LaPaz and Marshallberg are the only Russian sturgeon outfits that together have the capacity to produce up to five tons a year. Just a few other small U.S. farms are raising Russian sturgeon. Most Americans haven’t tasted the fish yet, and Barlowe has found the caviar comparable, if not better, to others he’s sampled. He especially likes the dark shade of caviar from LaPaz and Marshallberg: “I would put that up against any caviar anywhere in the world.”
Raising 40,000 to 60,000 of these fish at any given moment takes a lot of effort, and like small businesses in many industries, the two farms face price pressures from less expensive imports, Mader says, taking a bite of fish.
The top threat is China, which currently produces about 35 percent of the world’s supply of caviar and is getting media buzz for its Kaluga Queen brand. Kaluga says it sells 60 tons of caviar annually, compared to the single-ton Mader says the farms may harvest this year, although production could be higher depending on demand.
“As far as our sales go, China is a big challenge,” Won says.
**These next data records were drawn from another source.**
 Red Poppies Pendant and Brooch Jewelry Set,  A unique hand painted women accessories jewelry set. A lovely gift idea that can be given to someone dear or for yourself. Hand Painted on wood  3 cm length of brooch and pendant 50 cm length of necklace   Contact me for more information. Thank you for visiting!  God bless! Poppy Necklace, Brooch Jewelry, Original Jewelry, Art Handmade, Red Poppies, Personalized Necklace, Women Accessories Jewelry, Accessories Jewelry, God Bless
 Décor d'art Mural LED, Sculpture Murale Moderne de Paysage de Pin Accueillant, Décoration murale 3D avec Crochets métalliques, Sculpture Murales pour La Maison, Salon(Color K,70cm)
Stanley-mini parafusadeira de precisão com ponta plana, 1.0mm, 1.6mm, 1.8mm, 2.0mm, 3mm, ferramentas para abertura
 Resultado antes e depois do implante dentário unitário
Chinese-farmed osetra caviar, imported into the U.S., can sell for as low as US$350 a kilogram (2.2 pounds) wholesale. That price appeals to caviar distributors, the middlemen who in turn sell to restaurants. “We have to sell our product a lot higher than that,” Won says, because of the greater expenses of operating the farms in the U.S.
Costs are also higher here. LaPaz and Marshallberg pay U.S. wages and produce edible commodities in accordance with U.S. regulatory standards. When distributors try to negotiate the price down, Mader reminds them that China’s track record with safety isn’t pristine.
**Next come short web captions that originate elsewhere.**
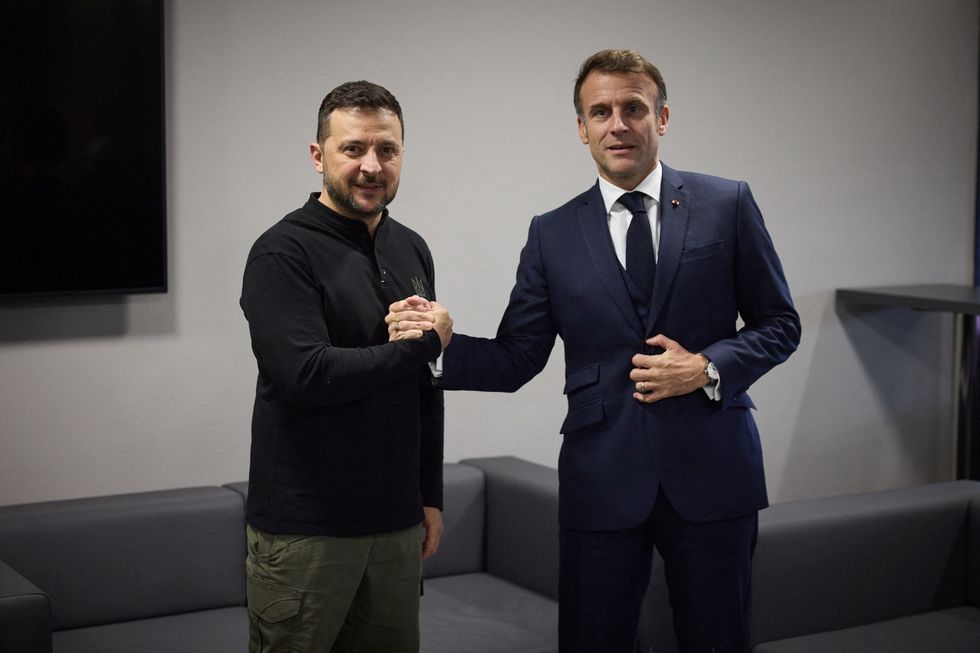 \u200bPresident Macron and Preident Zelensky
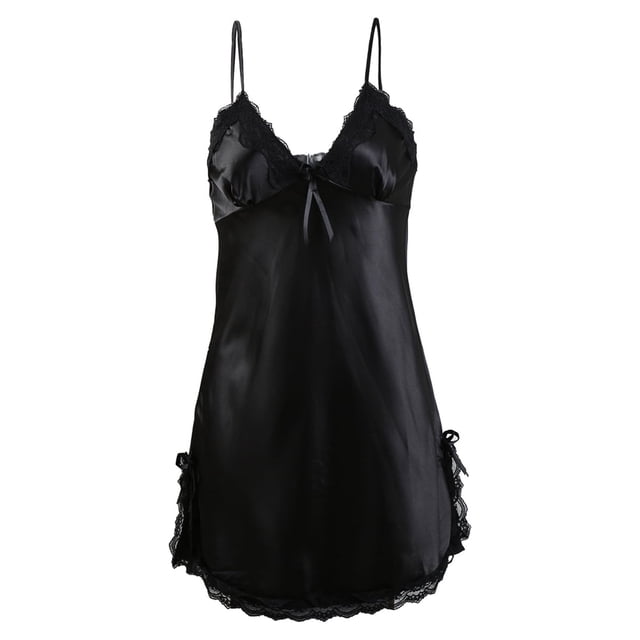 INSPIRAR CHIC Mujeres Satén V Cuello Floral Encaje Trim Ropa de Dormir Noche Vestido Slip Pijama Negro-encaje L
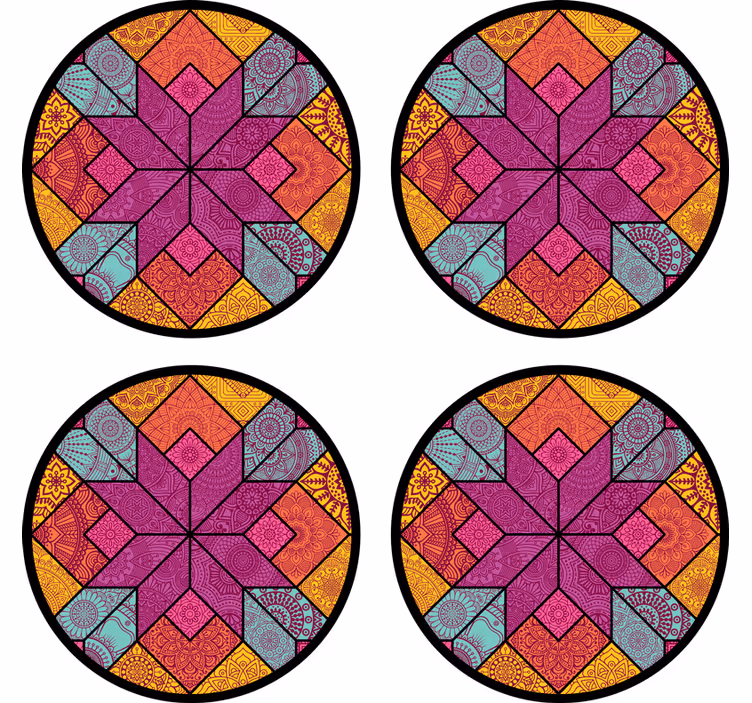 Bases para copos com arranjo geométrico vibrante - TenStickers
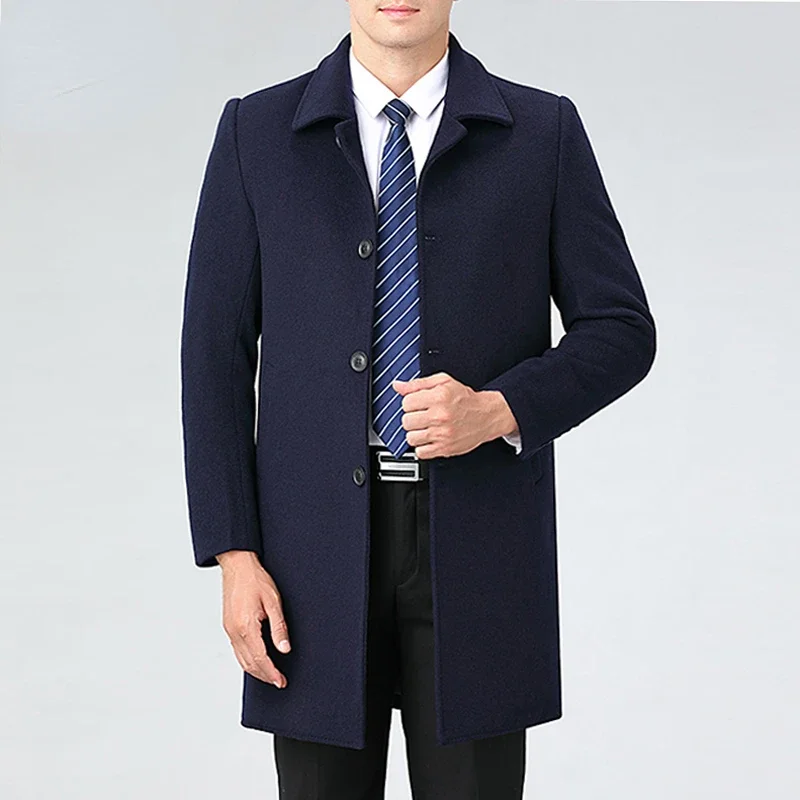 85% Cashmere Coat Men Winter Lapel Medium Long Down Inner Wool Coats for Men Single Breasted Business Jackets Мужское Пальто CJK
“The quality is probably not as good. We don’t know what’s in it—antibiotics, hormones, chemicals? The regulations aren’t as tough as in the U.S.” Some Chinese producers may use Borax to preserve their caviar, the same substance, I realize, that I have sprinkled under the couch to get rid of fleas my dog brought in.
Mader also cites a controversy that some sturgeon in China may secretly be hybrids rather than pure Russian sturgeon with osetra eggs. Her goal is to work with distributors who value and support the farms as an American business. (The farms are currently negotiating with a major international distributor to carry their caviar.) Ultimately, the goal is 20 percent of sales to chefs and individual shoppers via the website, and 80 percent to distributors.
In recent years, some people have disputed the idea that sturgeon can be farmed humanely. In January 2018, Scottish actor Alan Cumming urged Argyll and Bute Council, a local authority that administers part of Scotland’s southwestern coast and its various islands, to reject plans for Scotland’s first caviar farm at Loch Fyne, a lake already renowned for its oysters and shellfish, and a restaurant on its shore that spawned a successful British seafood chain. (The plans have since been approved.) Cumming is a proponent of vegan caviar made from seaweed as a replacement (he sent the Council some of this alternative as part of his protest).
PETA (People for the Ethical Treatment of Animals) has been an active opponent of aquaculture farms, arguing that the fish lead miserable lives in “severely crowded tanks,” where they “have no option but to swim in endless circles.” The overcrowding and unnatural conditions, PETA charges, makes the fish highly susceptible to stress and aggression.
Won, for her part, says her sturgeon would die if they didn’t have adequate space; she’s proud of the care they receive. “Americans farm everything else. We farm cattle, pigs, chicken. Why are we taking fish from the ocean when we can be farming that, too?”